LOS ANGELES—This trend must cease and desist, or the postseason will for the Blackhawks, much sooner than they had intended.

Mind you, after Saturday night’s 4-3 setback, Head Coach Joel Quenneville parsed what he’s witnessed lately and preached a half full doctrine instead of half empty. Granted, he’s biased, and also immunized against panic, though his defending Stanley Cup champions are halfway toward summer.

Coach Q’s arithmetic: his guys have logged seven creditable periods of hockey out of nine versus the Los Angeles Kings. You could say he’s being generous, which is fine. But those other two periods have been abysmal, which is vexing.

There was the third period in Chicago Wednesday night, when the Kings absolutely ran over the Blackhawks. Then there was the second period Saturday night, when Los Angeles outshot their guests, 18-7, scored twice to seize the lead and held it because that’s what the Kings do.

Any resemblance to the Kings of one spring ago is purely coincidental, because this roster is deeper and healthier.
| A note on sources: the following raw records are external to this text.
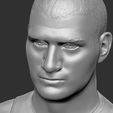 20.jpg Nikola Jokic bust for 3D printing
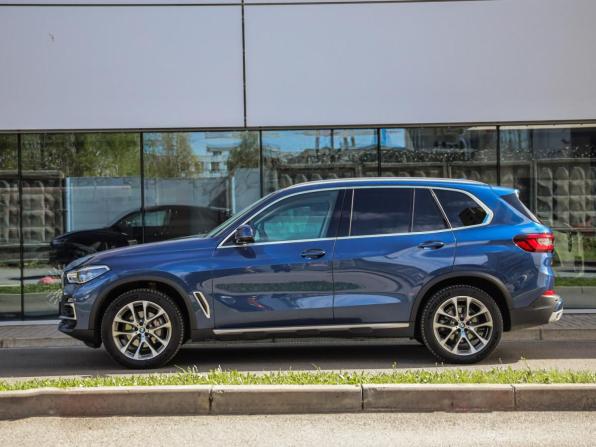BMW X5 IV (G05/G18) с пробегом 2020 года, цена 6 649 000 рублей, 101901 км, внедорожник, Автокод Объявления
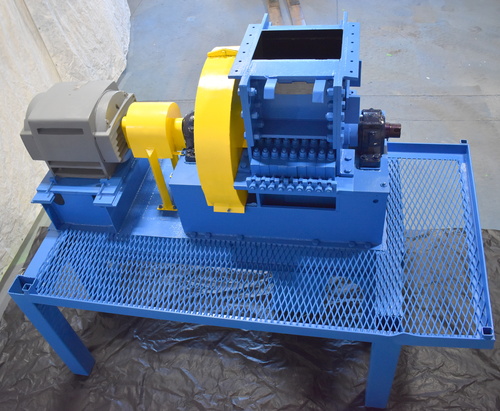 Montgomery Blo-Hog #ER18S315FHDL, drop feed, steel flywheel for surge ...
That is troubling for the Blackhawks, as is Los Angeles’ world-class goalie, Jonathan Quick. If you had forecast that the Blackhawks would be down 2-1 in this series, you might have guessed that Quick was standing on his headgear.

Instead, while he has been excellent, Quick has reaped the benefits of balanced, booming support. The Kings have 10 goals in the last 82 or so minutes. Not for the first time, and not just in this series, there are prolonged stretches when the skilled, fleet Blackhawks are not the team with better jump or superior speed.

Jonathan Toews cued an impressive takeoff with an unassisted shorthanded goal after he absconded with the puck, leaving Justin Williams in the rearview mirror. Then, at 13:19 of the first period, Toews made it 2-1 despite getting the business down low from Jake Muzzin. But that’s all, folks, until Patrick Sharp clicked in the gloaming, when the parking lot was emptying.

Traffic abetted the Kings’ cause. If Corey Crawford even saw a power-play rocket from Slava Voynov that tied it 1-1, or a laser beam from Drew Doughty for a 4-2 margin, the Blackhawks’ goalkeeper had to be Superman. Meanwhile, the polite Staples Center guests took no such liberties with Quick’s sightlines. The Kings were nailed with three potentially perilous penalties in succession during that middle session — a pair of stick fouls in Chicago’s end, plus a delay of game.

Still the Blackhawks’ power play bombed. Toews, clearly the most enthusiastic visitor, wound up with two shots all night, his two goals. Thus, he never got a shot during his four-plus minutes of manpower advantages. He rarely seemed to touch the puck, save for faceoffs. Speaking of which, the Blackhawks officially won 27 and lost 30. Unofficially, it didn’t seem that competitive in the dots.

Andrew Shaw, as advertised, returned to the lineup. Peter Regin departed. Asked about Shaw, Coach Q said he was “OK.” Of course, in the playoffs, OK is not OK. Quenneville hinted at some line juggling come Sunday’s practice. Hundreds of Blackhawks fans attended Game 3, including Bears’ legend Dick Butkus, who wore a red sweater with his number, 51. He did not look happy.